Por: Leonardo Boff*
Hoy es un hecho científicamente reconocido que
los cambios climáticos, cuya expresión mayor es el calentamiento global, son de
naturaleza antropogénica, con un grado de seguridad del 95%. Es decir, tienen
su génesis en un tipo de comportamiento humano violento con la naturaleza.
Este comportamiento no está en sintonía con los
ciclos y ritmos de la naturaleza. El ser humano no se adapta a la naturaleza
sino que la obliga a adaptarse a él y a sus intereses. El mayor interés,
dominante desde hace siglos, se concentra en la acumulación de riqueza y de
beneficios para la vida humana a partir de la explotación sistemática de los
bienes y servicios naturales, y de muchos pueblos, especialmente, de los
indígenas.
Los países que hegemonizan este proceso no han
dado la debida importancia a los límites del sistema-Tierra. Continúan
sometiendo a la naturaleza y la Tierra a una verdadera guerra, a pesar de que
saben que serán vencidos.
La forma como la Madre Tierra demuestra la
presión sobre sus límites intraspasables es mediante los eventos extremos
(prolongadas sequías por un lado y crecidas devastadoras por otro; nevadas sin
precedentes por una parte y oleadas de calor insoportables por otra).
Ante tales eventos, la Tierra ha pasado a ser el
claro objeto de la preocupación humana.
Las numerosas COPs (Conferencia de las Partes),
organizadas por la ONU nunca llegaban a una convergencia. Solamente en la COP21
de París, realizada del 30 de noviembre al 13 de diciembre de 2015 se llegó por
primera vez a un consenso mínimo, asumido por todos: evitar que el
calentamiento supere los 2 grados Celsius.
Lamentablemente esta decisión no es vinculante.
Quien quiera puede seguirla, pero no existe obligatoriedad, como lo mostró el
Congreso norteamericano que vetó las medidas ecológicas del presidente Obama.
Ahora el presidente Donald Trump las niega rotundamente como algo sin sentido y
engañoso.
Va quedando cada vez más claro que la cuestión
es antes ética que científica.
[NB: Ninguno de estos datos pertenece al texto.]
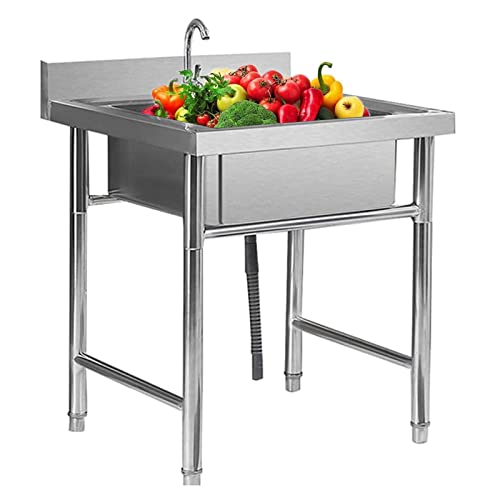 Évier utilitaire acier inoxydable pour plonge cuisine restaurant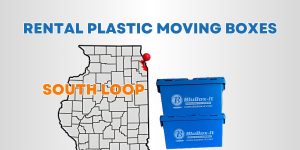 rent plastic moving crates in south loop chicago
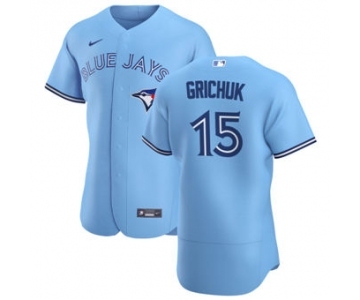 Men's Nike Toronto Blue Jays #15 Randal Grichuk Light Blue Alternate 2020 Authentic Player Baseball Jersey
Es decir, la calidad de nuestras relaciones con
la naturaleza y con nuestra Casa Común no eran ni son adecuadas, más bien son
destructivas.
Citando al Papa Francisco en su inspiradora
encíclica Laudato Si: sobre el cuidado de la Casa Común (2015): «Nunca hemos
maltratado y lastimado nuestra casa común como en los últimos dos siglos… estas
situaciones provocan el gemido de la hermana Tierra, que se une al gemido de
los abandonados del mundo, con un clamor que nos reclama otro rumbo» (n. 53).
Necesitamos, urgentemente, una ética
regeneradora de la Tierra, que le devuelva la vitalidad vulnerada a fin de que
pueda continuar regalándonos todo lo que siempre nos ha regalado. Será una
ética del cuidado, de respeto a sus ritmos y de responsabilidad colectiva.
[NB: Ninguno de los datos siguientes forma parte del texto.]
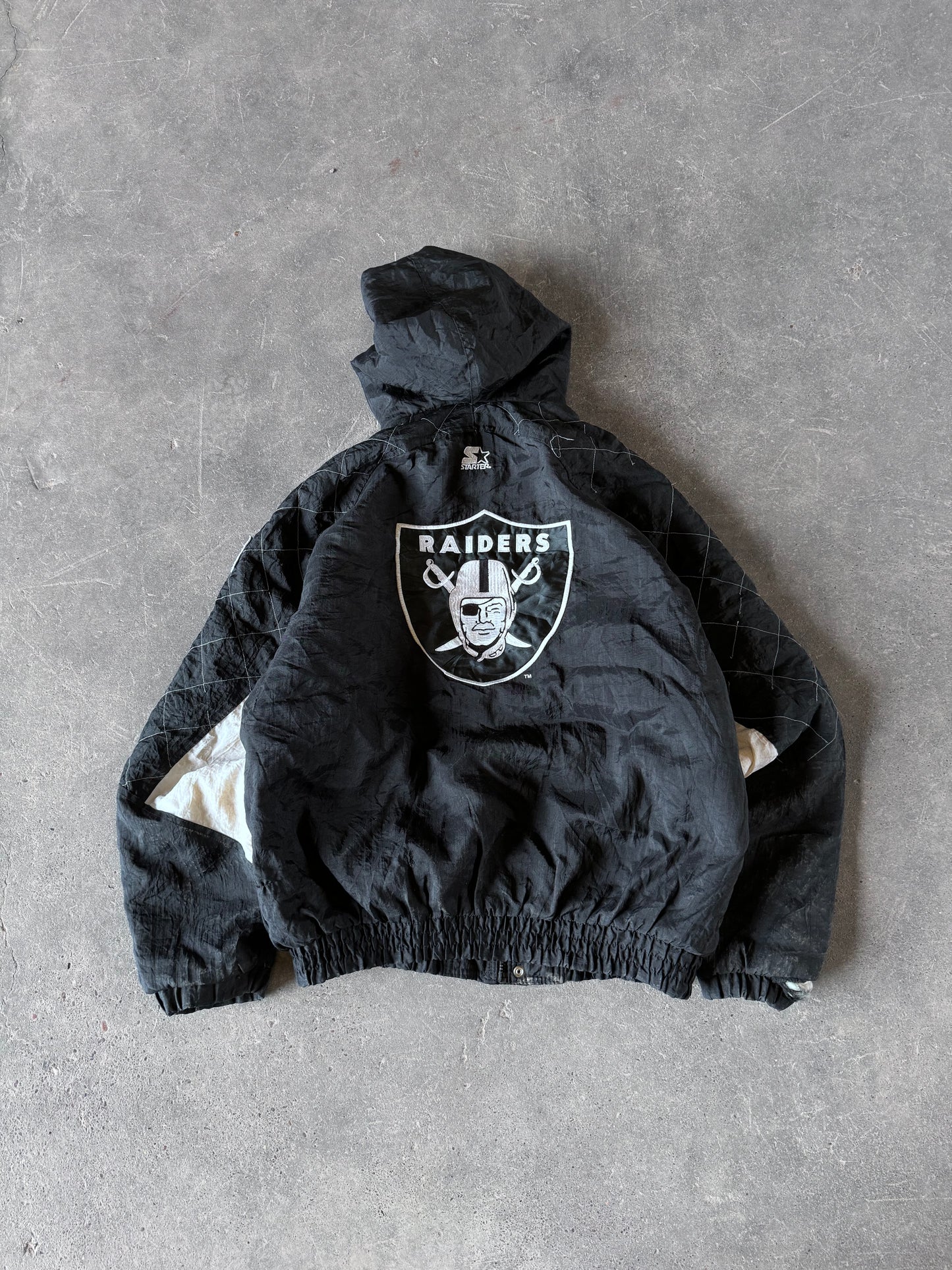 Vintage starter raiders jacket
Pero no basta una ética de la Tierra. Es
necesario acompañarla de una espiritualidad.
Ésta hunde sus raíces en la razón cordial y
sensible. De ahí nos viene la pasión por el cuidado y un compromiso serio de
amor, de responsabilidad y de compasión con la Casa Común, como por otra parte
viene expresado al final de la encíclica del obispo de Roma, Francisco.
El conocido y siempre apreciado Antoine de
Saint-Exupéry, en un texto póstumo escrito en 1943, Carta al General “X” afirma
con gran énfasis: «No hay sino un problema, sólo uno: redescubrir que hay una
vida del espíritu que es todavía más alta que la vida de la inteligencia, la
única que puede satisfacer al ser humano» (Macondo Libri 2015, p. 31).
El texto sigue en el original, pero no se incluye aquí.